Una hora más para…

Lo que le faltaba a este domingo es durar una hora más. Domingo de inquietud y zozobra, de tensión y nervios, de refrescar las webs de los periódicos para estar al tanto de estados de alarma, toques de queda y cierres perimetrales. Poco se habla del neolenguaje del 2020, de esos palabros que, inéditos hasta ahora o propios de la ciencia ficción más especulativa y distópica, hemos aprendido a manejar con tremenda soltura.

¿Se acuerdan de aquella kenopsia a la que vamos de nuevo abocados a nada que nos descuidemos? Se definía como la inquietante atmósfera de un lugar vacío que normalmente está lleno de gente, pero que permanece abandonado y tranquilo.

Ayer sábado aproveché para pasear por Granada. Tenía que visitar tres librerías para recoger diferentes libros y tebeos encargados y no podía (ni quería) esperar más: no sé ustedes, pero pienso pasar mucho tiempo leyendo en las próximas semanas, bien guardado y recogido en casa, con la agenda limpia de cualquier presencialidad no estrictamente imprescindible.

Hoy, con el cambio de hora, tenemos sesenta minutos extra para… para… para… para intentar entender en qué punto y en qué momento nos encontramos en Granada. Lo que se puede y no se puede hacer. Al volver a casa, ayer a mediodía, intenté ponerme al día. Fue imposible. El sindiós que tiene montado la Junta alcanza unos niveles surrealistas. Por la tarde, renuncié, entregándome a las películas, las novelas y los tebeos. Que es necesario, de vez en cuando, tratar de mantenerse ajeno a la realidad.

Una hora más. Un domingo de 25 horas. ¡Qué ilusión! En otras circunstancias habríamos aprovechado para salir a la montaña, bajar a la playa o dar una vuelta por los bosques de la Alhambra. Hoy toca quedarse en casa, organizarse y planear qué hacer durante el cierre perimetral.

Entre los libros que me traje a casa, una antología a la que le tengo muchas ganas: ‘La cerveza, los bares, la poesía’, publicado en Visor. Y los tomos 2 y 3 de un manga extraordinario: ‘La cantina de medianoche’. Y un par de libros de viajes, para combatir la nostalgia de los espacios abiertos con la mejor ‘nature writing’.

Echo de menos viajar. Mucho. Aunque en verano me moví por Andalucía, sigo teniendo mono. Y aquí me tienen, mentalizándome a las inevitables semanas caseras, viendo las blancas cumbres de Sierra Nevada desde el balcón y a los amigos a través de Zoom.

Jesús Lens

 

Tendremos toque de queda

Todavía no me lo creo. Lo he leído, lo he releído y todavía no me lo creo. Toque de queda. ¿Sonará algún tipo de alarma, minutos antes de las once de la noche, advirtiendo al personal que tiene que volver a casa? ¿Patrullará las calles el ejército para asegurarse de su cumplimiento?

¿En qué está el presidente de la Junta de Andalucía?

No sé si les pasó a ustedes, pero yo fui especialmente consciente de lo que supuso el confinamiento cuando empezó la desescalada y las salidas a la calle estaban tasadas. Cuando no se podía salir, lo asumimos y lo cumplimos. Nuestros mecanismos mentales nos defendieron y nos organizamos para vivir entre cuatro paredes de la mejor manera posible. La magnitud de lo que supusieron aquellas semanas llegó después, cuando únicamente estaba permitido salir a unas horas determinadas y solo se podían ocupar las terrazas de los bares.

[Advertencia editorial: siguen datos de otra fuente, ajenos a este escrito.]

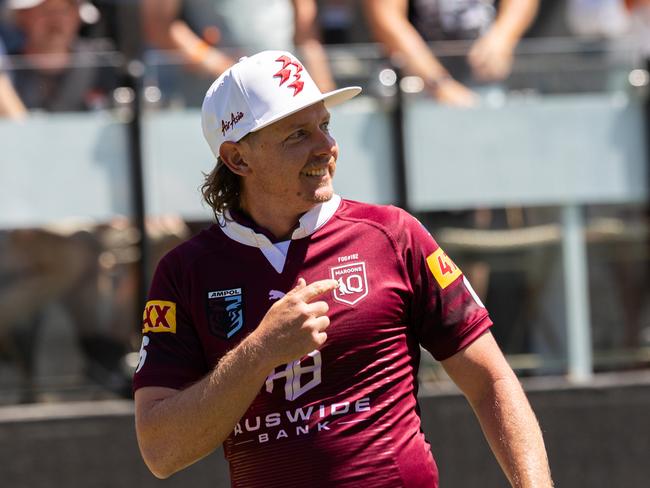 Captain Cameron Smith of Ripper GC interacts with the fans on the 12th hole during the final round of LIV Golf Adelaide at Grange Golf Club on Sunday, February 16, 2025 in Adelaide, Australia. (Photo by Scott Taetsch/LIV Golf)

Volvemos a estar en una situación muy parecida a aquella. Del reloj no marques las horas pasaremos a poner mil y una alarmas en el móvil que nos recuerden en qué momento vivimos. O quizá no. Quizá empecemos a hacerle caso a las autoridades sanitarias y, sin necesidad de confinamientos ni cierres perimetrales, optemos por quedarnos en casa de una maldita santa vez.

Más allá de rogar, ¿qué ha hecho el Consejero en estos días?

Granada venía marcando unas cifras de contagio muy preocupantes desde el verano, cuando acumulábamos la mitad de los brotes de Andalucía. Pero ha dado igual. Todos los que debían haber actuado antes han hecho oídos sordos. Era más fácil mirar a otro lado y esperar a que escampara. Hacer como que la vida seguía igual. El mejor ejemplo de dicha actitud lo tenemos en el propio alcalde de la capital: incluso cuando la UGR ya estaba cerrada por orden gubernamental, Salvador seguía proclamando que Granada era una ciudad segura.

Aquí ha habido dejación de funciones. Alguien debería investigar por qué no se han tomado según qué decisiones y si en este abandono ha influido la guerra abierta entre la comunidad de Madrid y el gobierno central.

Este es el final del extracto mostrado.